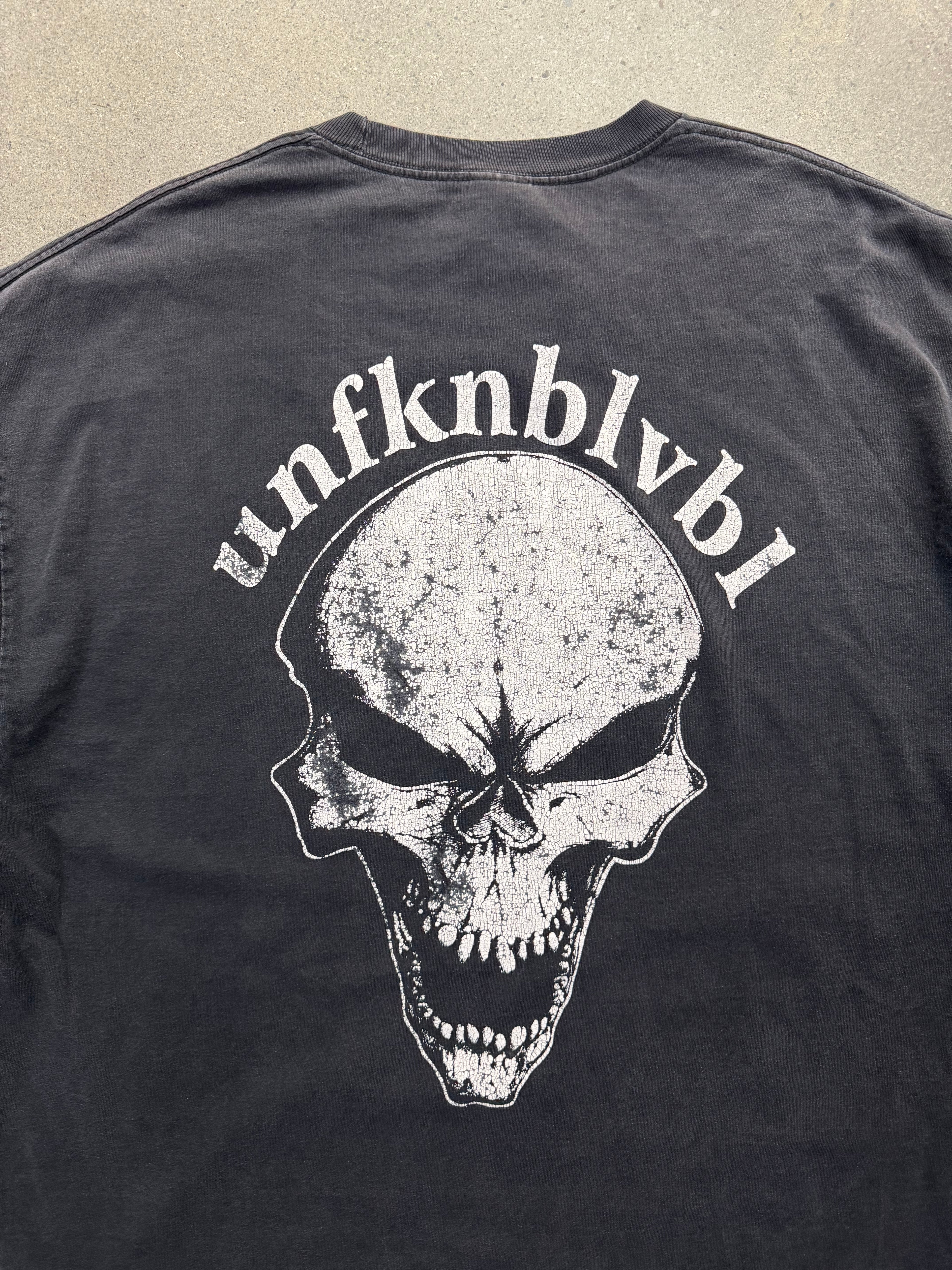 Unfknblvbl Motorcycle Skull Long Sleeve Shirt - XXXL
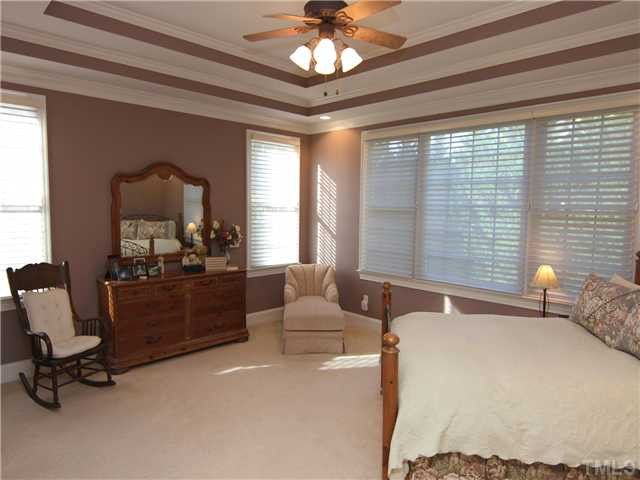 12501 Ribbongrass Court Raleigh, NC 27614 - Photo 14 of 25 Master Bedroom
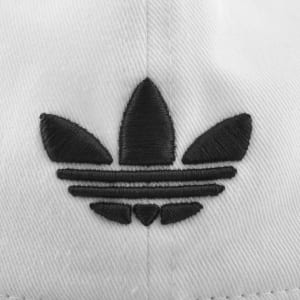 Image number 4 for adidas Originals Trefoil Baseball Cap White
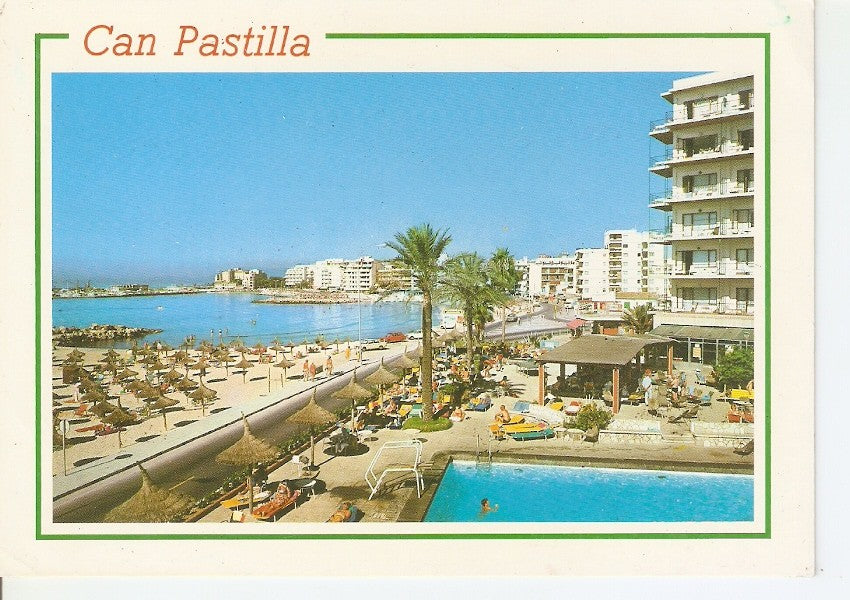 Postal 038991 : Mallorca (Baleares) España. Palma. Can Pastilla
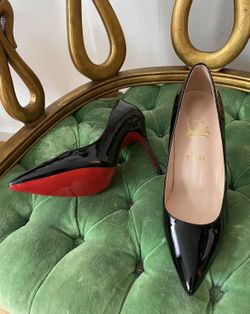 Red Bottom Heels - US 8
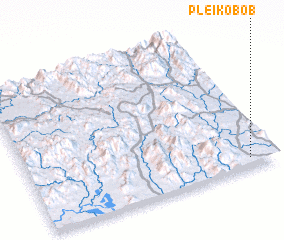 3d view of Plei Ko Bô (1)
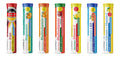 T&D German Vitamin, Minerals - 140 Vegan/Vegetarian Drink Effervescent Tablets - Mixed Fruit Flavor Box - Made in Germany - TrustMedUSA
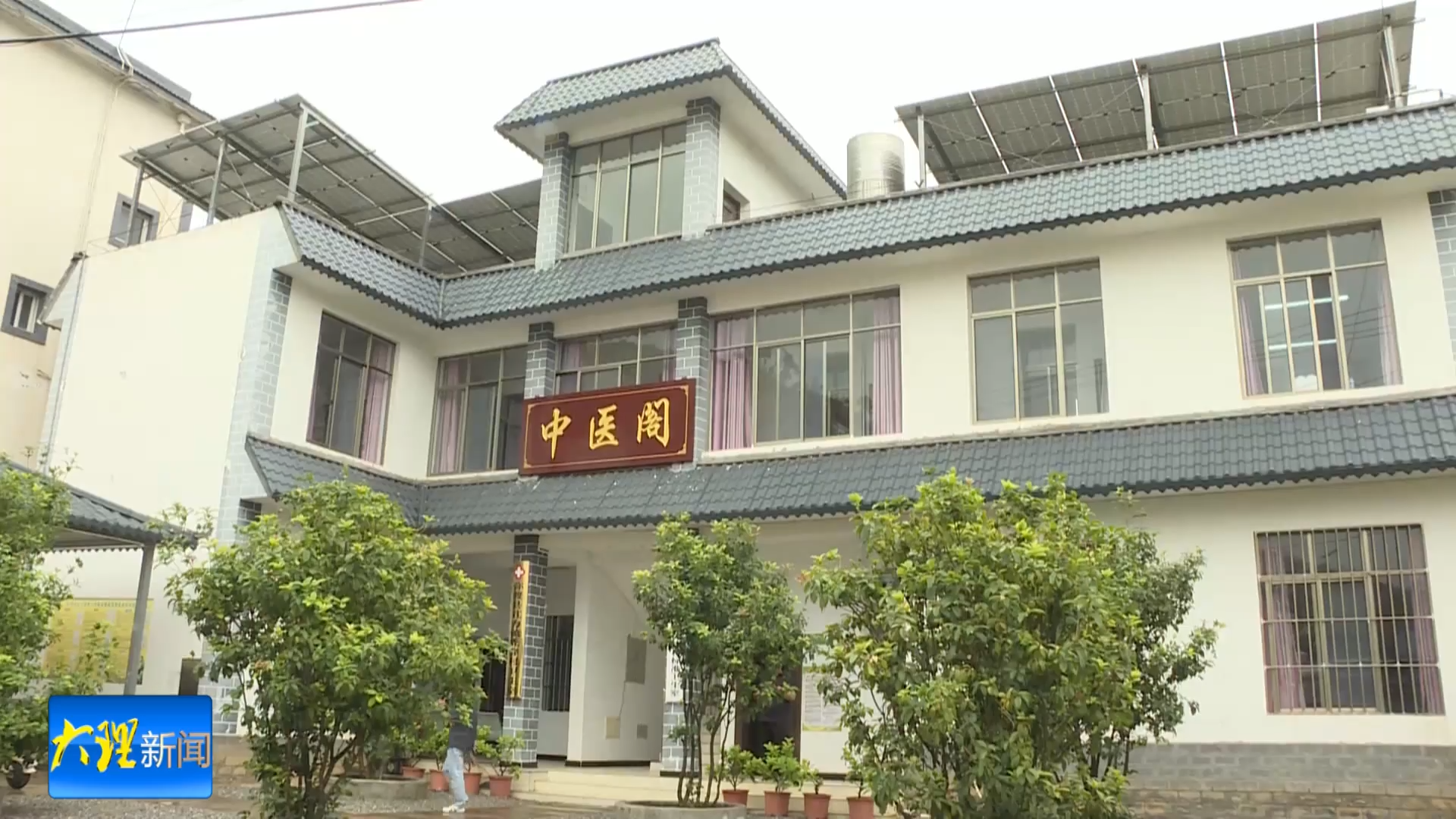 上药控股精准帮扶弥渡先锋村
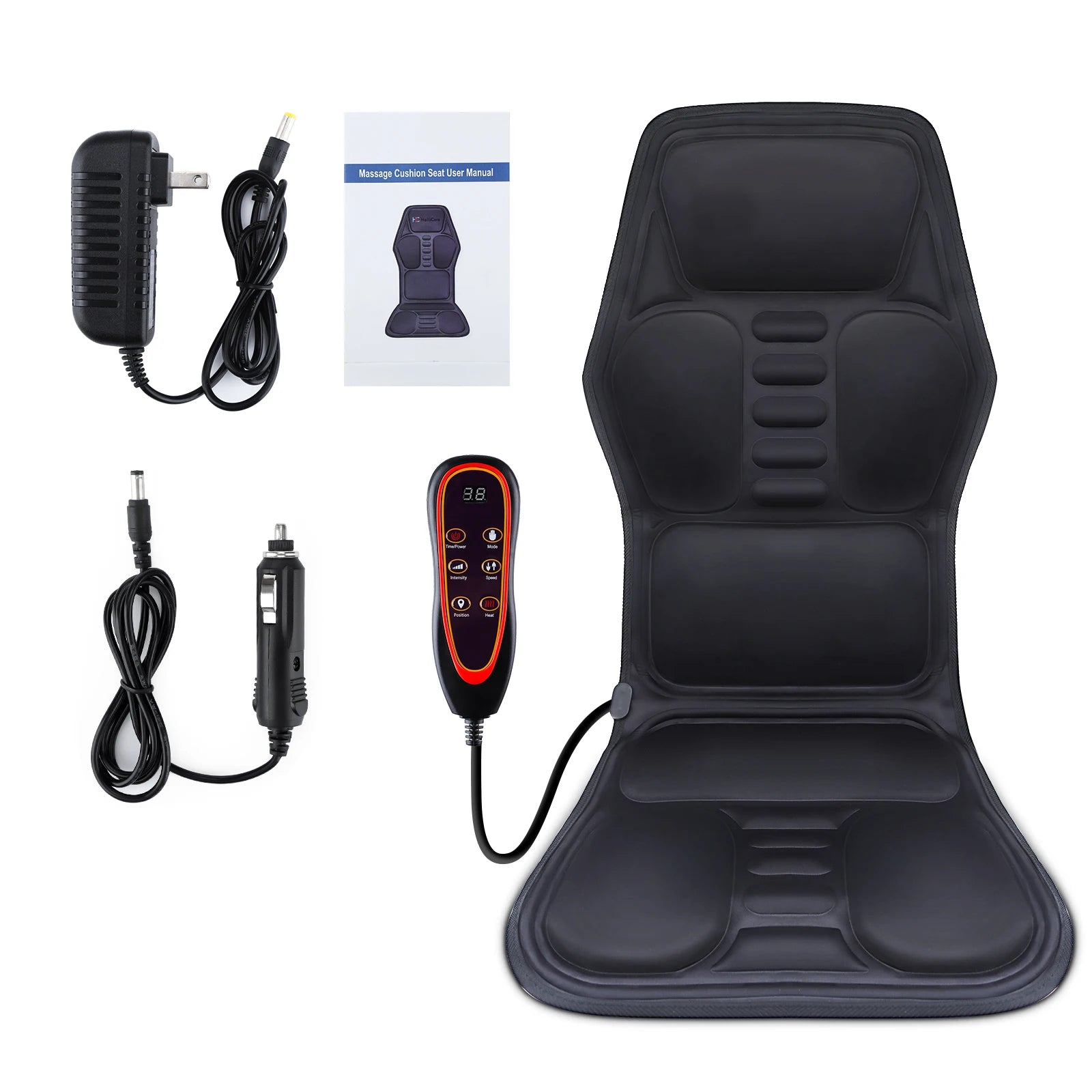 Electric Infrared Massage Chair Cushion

(Task to complete) Output everything in the material exactly. Pictures stay out of it.

(Output of the exercise)
 Unfknblvbl Motorcycle Skull Long Sleeve Shirt - XXXL
 12501 Ribbongrass Court Raleigh, NC 27614 - Photo 14 of 25 Master Bedroom
 Image number 4 for adidas Originals Trefoil Baseball Cap White
 Postal 038991 : Mallorca (Baleares) España. Palma. Can Pastilla
 Red Bottom Heels - US 8
 3d view of Plei Ko Bô (1)
 T&D German Vitamin, Minerals - 140 Vegan/Vegetarian Drink Effervescent Tablets - Mixed Fruit Flavor Box - Made in Germany - TrustMedUSA
 上药控股精准帮扶弥渡先锋村
 Electric Infrared Massage Chair Cushion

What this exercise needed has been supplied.